Helsinki grapples with bunny swarm

The municipality has been attempting to deal with the infestation for over 20 years

The Finnish capital of Helsinki has a very peculiar and long-standing problem – namely its vast population of so-called “city bunnies”.

City authorities and locals have been dealing with great numbers of feral rabbits for over two decades – and the problem doesn’t appear to be going away – quite the opposite in fact, as local experts claim that the city bunny population is yet again on the rise.

The root of the problem

The ancestors of the modern Helsinki city bunnies were domesticated rabbits that were released by their owners into the wild or were simply lost or managed to escape. Rabbits are notoriously fast breeders in the absence of predators and have wreaked havoc on the Finnish capital’s ecosystem and vegetation.

The cute animals quickly managed to become a great problem for the authorities of Helsinki.
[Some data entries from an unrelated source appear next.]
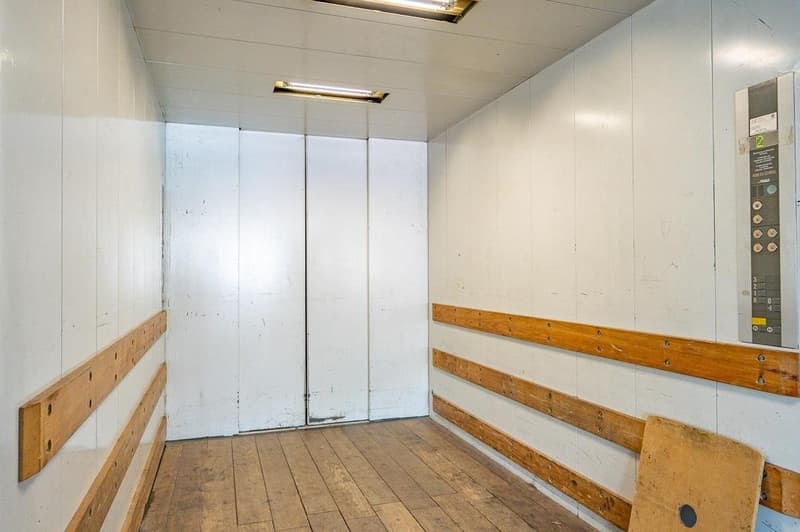 Empty room with white walls, wooden floor, two white doors, wooden panels on the wall, and an elevator control panel.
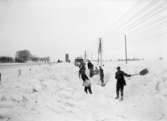 Gatubilder. Snövintern 1929. En mängd karlar skottar snö på en väg.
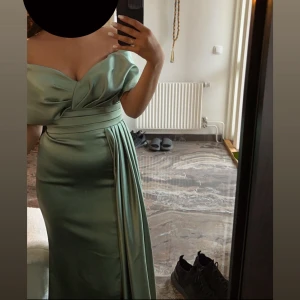 Grön långklänning i satin med slits - Elegant grön långklänning i glansigt satinmaterial med offshoulder-skärning och markerad midja. Klänningen har en snygg slits framtill och draperade detaljer upptill som ger en lyxig känsla. Perfekt för dig som vill sticka ut med en sofistikerad look. 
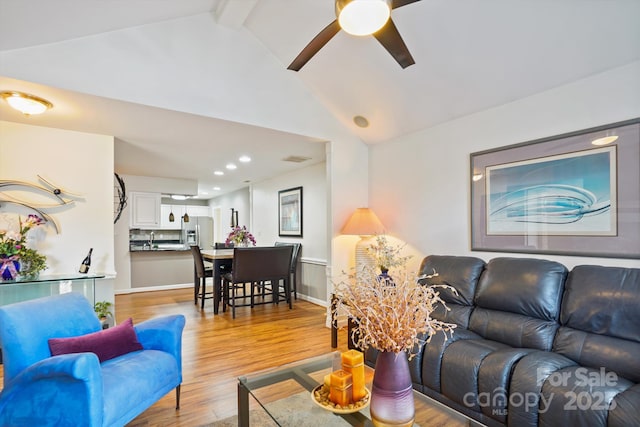 7444 Hurstbourne Green Dr, Charlotte, NC 28277 - living area with light wood-style floors, lofted ceiling with beams, a ceiling fan, recessed lighting, and baseboards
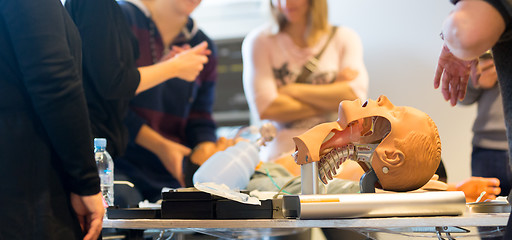 Image showing Medical doctor specialist expert displaying method of patient intubation on hands on medical education training and workshop. Participants learning new medical procedures and techniques.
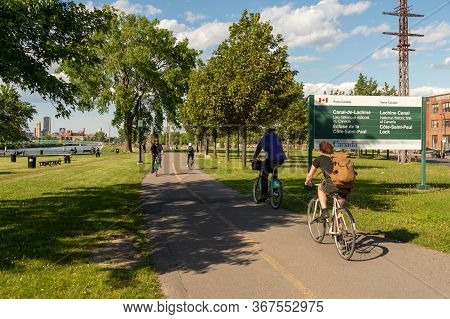Montreal, Ca - 7 June 2019: Cyclists Enjoying A Warm And Sunny Spring Day Along The Lachine Canal.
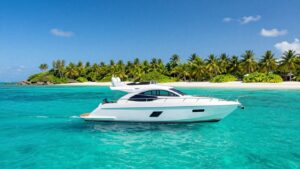 Luxury yacht sailing in clear turquoise Bahamian waters.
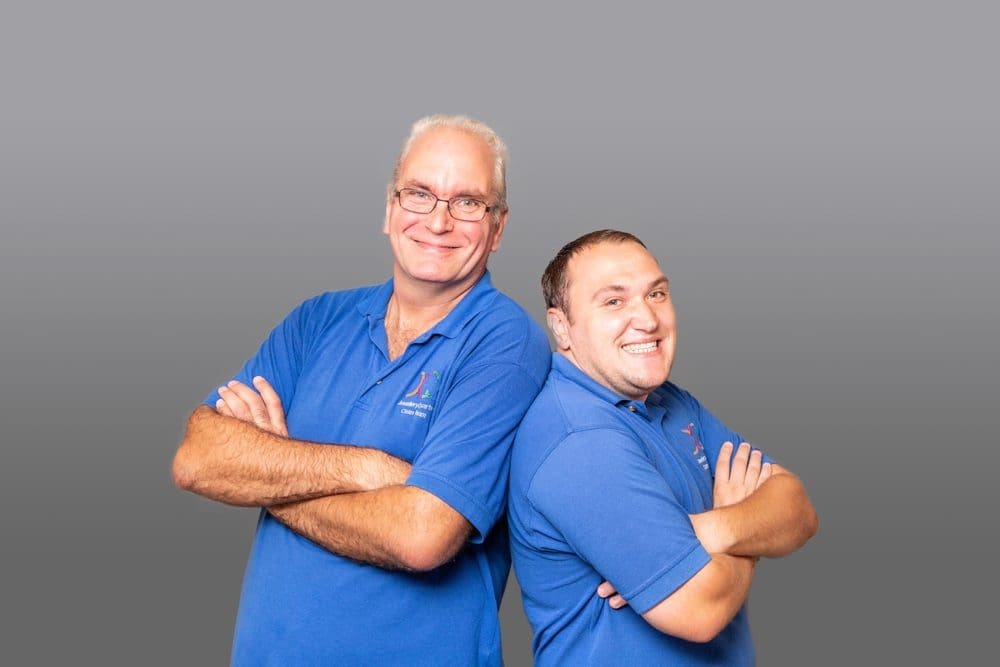Two men in blue polo shirts stand back-to-back with arms crossed, smiling at the camera against a plain grey background—captured with a professional touch by a Birmingham commercial photographer.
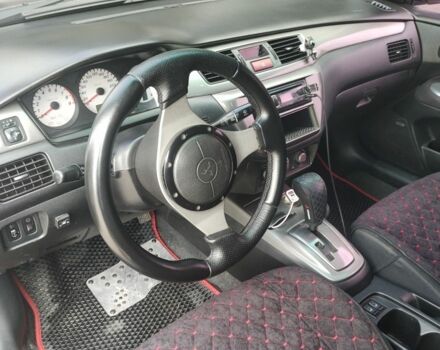 Міцубісі Lancer 2007 у Кам'янське (Дніпродзержинськ) на Automoto.ua Чорний Міцубісі Lancer, об'ємом двигуна 2 л та пробігом 268 тис. км за 5999 $, фото 6 на Automoto.ua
In 2009 the city government began organising massive hunts that went on for years and led to the successful destruction of large amount of the city’s rabbit population – but failed to permanently solve the problem.

The bunnies were quick to recoup their numbers but were yet again hit by calamity when a disease killed nearly 90% of their population in 2016. They, however, persisted and are yet again proving a real nuisance.

Climate change has only been making matters worse. The unprecedentedly hot winter further exacerbated the city’s bunny problem. The lack of snow and the warm temperatures have allowed the rabbits to breed even faster and to reach places that were unreachable in the past due to snowfall.

Furthermore, it has made many traps lain by city authorities ineffective, because the rabbits could simply avoid them and go someplace else to seek food and nutrition during the winter months.

The local government of Helsinki is still organising hunts and it is not out of the question that new massive extermination efforts might be needed in the near future. Yet, how can a city effectively deal with a problem as cute as this?